Une petite idée de lecture pour les amateurs de documents qui s'interrogent sur l'univers carcéral.
Un témoignage intéressant et assez poignant, quel que soit l'avis du lecteur quant à la façon dont doivent être traitées les personnes condamnées à des peines d'emprisonnement.
Le style de l'auteur est simple et direct. Il est lui même surveillant de l'Administration Pénitentiaire, et condamne donc légitimement certains faits. Il demeure objectif, blâme les mauvais, plaide pour les bons côtés de chacun, qu'ils soient détenus, surveillants ou autres...
Christophe LAMBERT réussit à mettre en exergue les problèmes liés à ses fonctions et aux conditions de détention, sans plonger dans la caricature ou carrément dans le "social"...
Je fais un métier dans lequel je côtoie beaucoup d'"hypothétiques futurs détenus", et aurait tendance à ne pas me laisser émouvoir par ce qui se passe "derrière les barreaux". Pourtant je n'ai pas pu rester insensible à ce témoignage. Qu'on soit d'accord ou pas avec la philosophie de l'auteur, ce dernier nous offre matière à cogiter...
Résumé :
Derrière les barreaux
de Christophe Lambert, Droit de citer, Michalon, mai 1999
C. Lambert, un surveillant de prison d’une trentaine d’années, rompt avec une tradition de silence dans les rangs de ses pairs, et a décidé, à la fin des années 1990, de briser le tabou et de rapporter, malgré les réticences de son entourage professionnel, son expérience de « maton », ses difficultés et ses enjeux. Pour la première fois ainsi un agent en activité rapporte-t-il sa façon de voir et de vivre le quotidien carcéral, les relations avec les prisonniers, sa hiérarchie et ses collègues.

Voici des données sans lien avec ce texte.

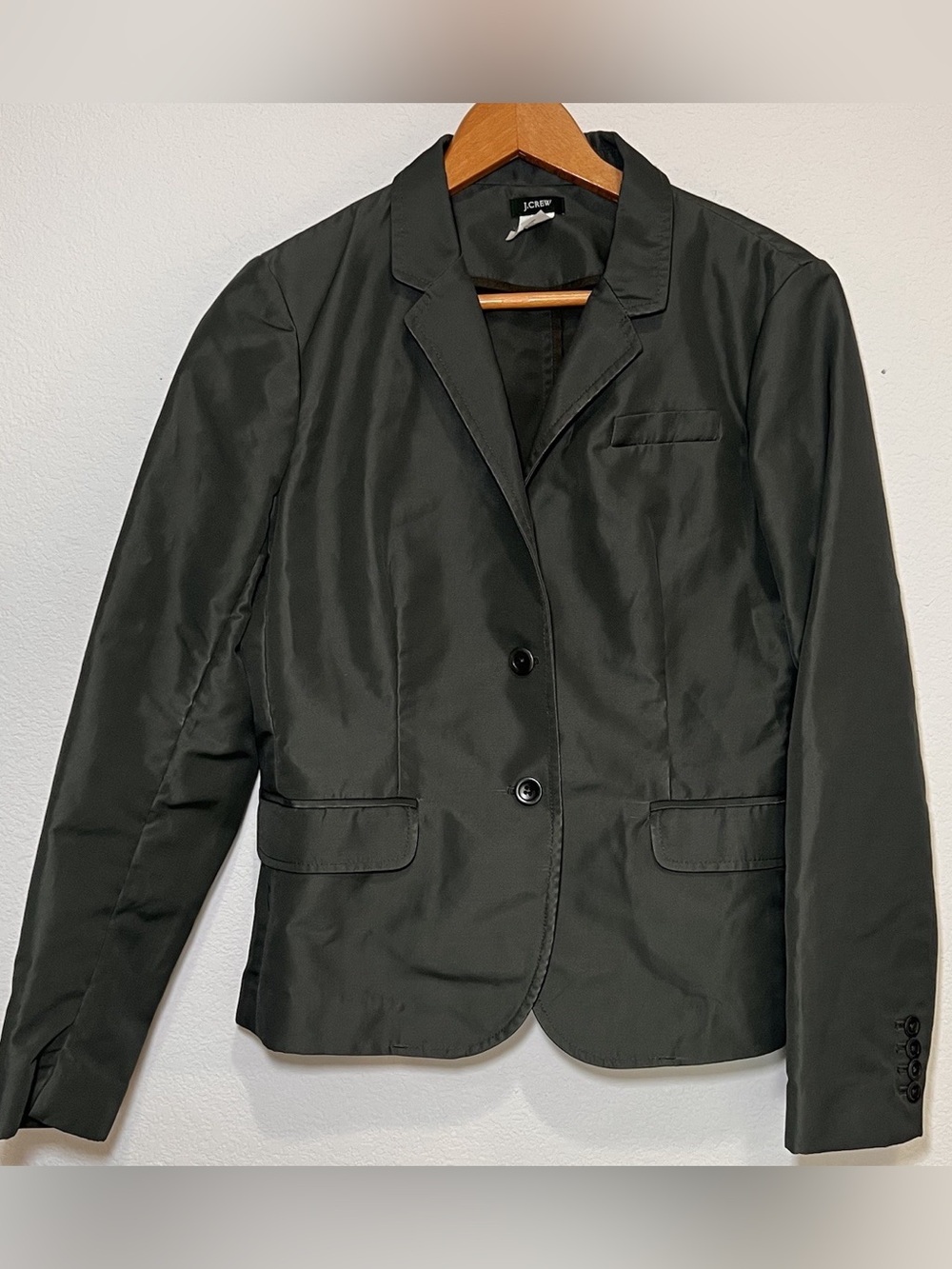 J. Crew Black Women's Two-Button Blazer 8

Ce témoignage change pour une fois de point de vue, et permet d’apprendre les difficultés que rencontrent aussi les personnels pénitentiaires dans l’exercice de leurs missions. Ainsi l’expérience qu’il fit de l’horreur du viol d’un détenu, « une épreuve qui devait changer ma vie. Ce fut curieusement à la fois un des pires moments de mon existence, et peut-être l’un des plus éclairants. La découverte d’un cauchemar... et l’occasion que j’aie eu de tirer quelqu’un hors de cet enfer » (il apportera un soutien à la victime et témoignera lors du procès). Témoigner est, pour l’auteur, la possibilité d’extérioriser ses craintes, tout comme ses satisfactions.
De Fresnes à Fleury-Mérogis en effet, de la haine qu’inspire sa fonction à certains liens d’amitié tissés malgré tout avec de rares détenus, C. Lambert nous livre ici une expérience rare et enrichissante. Il nous explique ainsi pourquoi, malgré ses difficultés, il aime son métier, et en connaît tous les enjeux - même s’il en dénonce nombre de dysfonctionnements. Instructif, révoltant et émouvant, ce témoignage se doit ainsi d’être connu. De façon urgente.